Sans compter que je ne suis pas très intelligent, et que, pour moi (comme pour les autres en réalité), les petites bouchées sont plus facile à absorber que les grosses.
Mais je le répète : il faut se concentrer sur le contenu, pas sur la forme. Et publier point à point conduit à mieux évaluer le chemin que l'on parcourt, nous oblige à imaginer plus que ce que nous faisons, nous donne du temps pour maturer des idées plus difficiles.
D'ailleurs, c'était la stratégie de Pierre-Gille de Gennes, qui partait fréquemment le vendredi soir avec une pile de résultats, et revenait le lundi avec un projet de publication et les calculs correspondants.

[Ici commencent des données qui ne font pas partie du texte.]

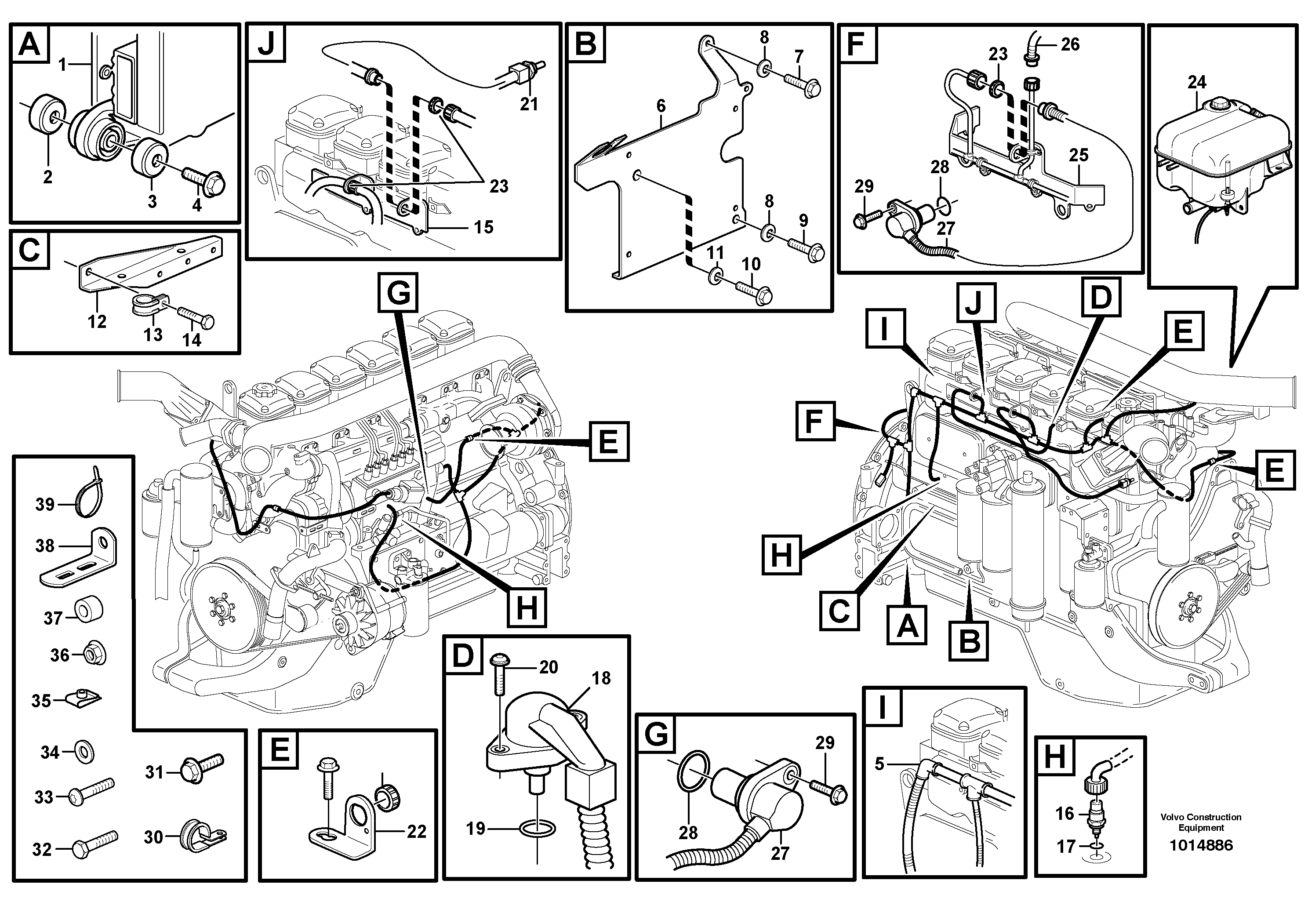 Cable harness, engine ECU — volvo parts diagram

C'était aussi la stratégie de Louis Pasteur, un homme que je n'aime pas, mais qui, même s'il a répété jusqu'à des paragraphes entiers de communication en communication, a avancé comme un rouleau compresseur scientifique, avec pugnacité.
Je le répète : Pasteur s'est beaucoup répété, mais ses publications apportent toutes quelque chose, et c'est cela qui compte, non ?
Bien sûr, il n'a pas été honnête rhétoriquement, n'a pas reconnu tous les apports, s'est mis en avant de façon exagérée, n'a pas toujours utilisé son intelligence avec toute la droiture qu'on aurait pu souhaiter, mais ses publications (je parle surtout de la période 1846-1850) ont fait avancer son travail vers la solution de grands mystères.
Enfin, je concluerais qu'il en va ici comme des teintes comprises entre le noir et le blanc : il y a toutes les graduations de gris, et il faut évidemment s'efforcer d'être du bon côté... en conservant cette idée forte : le summum de l'intelligence, c'est la bonté et la droiture.
Les travaux, en sciences de la nature, sont financés par les universités, les instituts de recherche, les académies ; les travaux technologiques le sont par ces mêmes institutions, et aussi par l'industrie.
Quand les financements viennent de l'industrie, alors c'est une relation contractuelle qui échappe à la production "scientifique", et, d'ailleurs, c'est moins de la production scientifique que du travail technologique, et les institutions publiques qui contribuent financièrement doivent juger de l'intérêt de tels contrats, et de la façon dont elles les considèrent.
Mais pour les travaux scientifiques, les financements se font par l'Etat, qu'il s'agisse des instituts publics de recherche, des universités, des sociétés savantes, des académies. Et là, l'évaluation ne peut pas être confiée à des acteurs privés sans quoi ceux-ci ont plus à coeur de gagner de l'argent dans l'affaire que de faire correctement -et légitimement- le travail que nous envisageons ici.
La première des "évaluations" de la production scientifique est la publication de résultats. Et là, déjà, on comprend que le contrôle ne doit pas être confié à des éditeurs privés, mais aux institutions préalablement citées.
Dans le temps, on avait besoin des éditeurs, dont c'était le métier de procéder à l'impression de journaux, mais avec l'avènement des techniques numériques, les éditeurs ne sont plus d'aucune utilité, et, d'ailleurs, ils se sont outrageusement développé comme des sangsues sur la communauté scientifique. Vite, il faut que les institutions reprennent le contrôle des publications.
Pour ce qui concerne le travail d'expertise des manuscrits, il est fait par les scientifiques, donc il est financé par les institutions déjà évoquées, et des acteurs privés n'ont pas à se mêler de ce qui regarde des relations entre des employeurs et des employés.
Voilà pourquoi je récuse des sites comme Publons, qui, peut-être à l'origine, ont été créés à partir de la bonne intention qui était de vouloir reconnaître ceux qui font des expertises de manuscrits, mais qui sont privés, de sorte qu'ils sont illégitimes.
Il faut donc les académies, les institutions de recherche, les sociétés savantes, reprennent la main sur ces questions-là également.
De toute façon, au 21e siècle, ce n'est pas un gros travail, car l'administration s'est considérablement simplifié ; il n'y a plus de papier, et les coûts ont fondu.
Il faut donc que les institutions fassent leur travail, leur travail d'évaluation indépendant, leur travail de reconnaissance des chercheurs.